During the typing of a command line, the system simply accepts all characters until a 'RETURN' key is typed. Any time before typing the RETURN key, the user may use one of two special characters to correct any mistyped characters. One of these characters is the 'back space' and allows deletion of the previously typed character. Typing two back spaces will delete the previous two characters. The back space is initially defined to be a 'control H' but may be redefined by the user using the TTYSET utility command. The second special character is the line 'delete' character. Typing this character will effectively delete all of the characters which have been typed on the current line. A new prompt will be output to the terminal, but instead of the usual '+++' prompt, to show the action of the delete character, the prompt will be '???'. Any time the delete character is used, the new prompt will be '???', and signifies that the last line typed did not get entered into the computer. The delete character is initially a 'control X' but may also be redefined using TTYSET.
As mentioned earlier, the first name on a command line is always interpreted as a command. Following the command is an optional list of names and parameters, depending on the particular command being entered. The fields of a command line must be spearated by either a space or a comma. The general format of a command line is:
<command>[,<list of names and parameters>]
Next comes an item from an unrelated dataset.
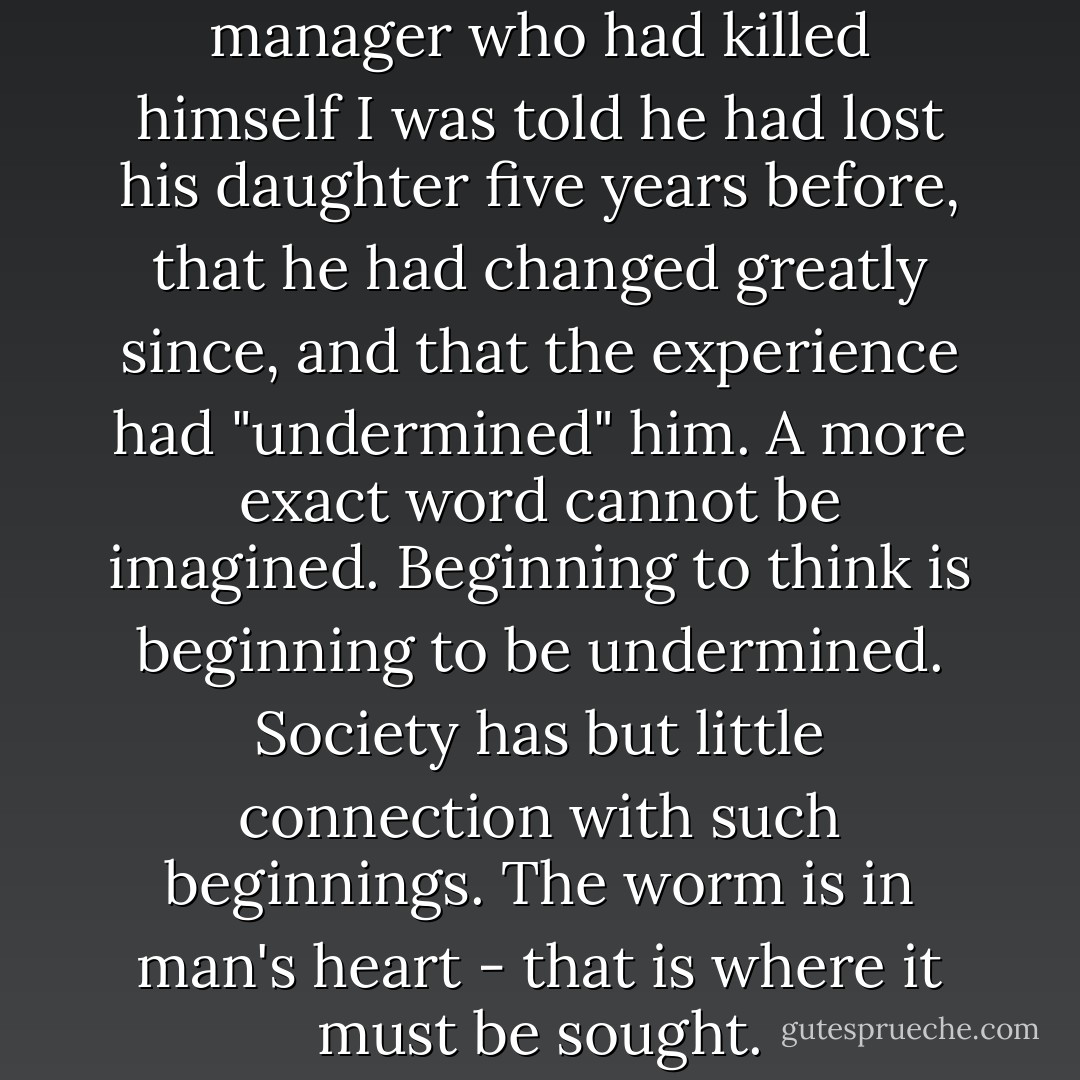 Of an apartment-building manager who had killed himself I was told he had lost his daughter five years before, that he had changed greatly since, and that the experience had "undermined" him. A more exact word cannot be imagined. Beginning to think is beginning to be undermined. Society has but little connection with such beginnings. The worm is in man's heart - that is where it must be sought. - Albert Camus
A comma is shown, but a space may be used. FLEX also allows several commands to be entered on one command line by use of the 'end of line' character. This character is initially a colon (':'), but may be user defined with the TTYSET utility. By ending a command with the end of line character, it is possible to to follow it immediately with another command. FLEX will execute all commands on the line before returning with the next '+++' prompt. An error in any of the command entries will cause the system to terminate operation of that command line and return with the prompt. Some examples of valid command lines follow:
+++CAT 1:ASN S=1
+++LIST LIBRARY:CAT 1:CAT 0
As many commands may be typed in one command line as desired, but the total number of characters typed must not exceed 128. Any excess characters will be ignored by FLEX.
One last system feature to be described is the idea of 'system' and 'working' drives. As stated earlier, if a file specification does not specifically designate a drive number, it will assume a default value. The default value will either be the current 'system' drive assignment or the current 'working' drive assignment. The system drive is the default for all command names, or in other words, all file names which are typed first on a command line. Any other file name in the command line will default to the working drive. This version of FLEX also supports automatic drive searching. When in the auto search mode if no drive numbers are specified, the operating system will first search drive 0 for the file. If the file is not found, drive 1 will be searched and so on. When the system is first initialized the auto drive searching mode will be selected. At this time, all drive defaults will be to drive 0. It is sometimes convenient to assign drive 1 as the working drive in which case all file references, except commands, will automatically look on drive 1. It is then convenient to have a diskette in drive 0 with all the system utility commands on it (the 'system drive'), and a disk with all the files being worked on in drive 1 (the 'working drive'). If the system drive is 0 and the working drive is 1, and the command line was:
FLEX would go to drive 0 for the command LIST and to drive 1 for the file TEXTFILE. The actual assignment of drives is performed by the ASN utility. See its description for details.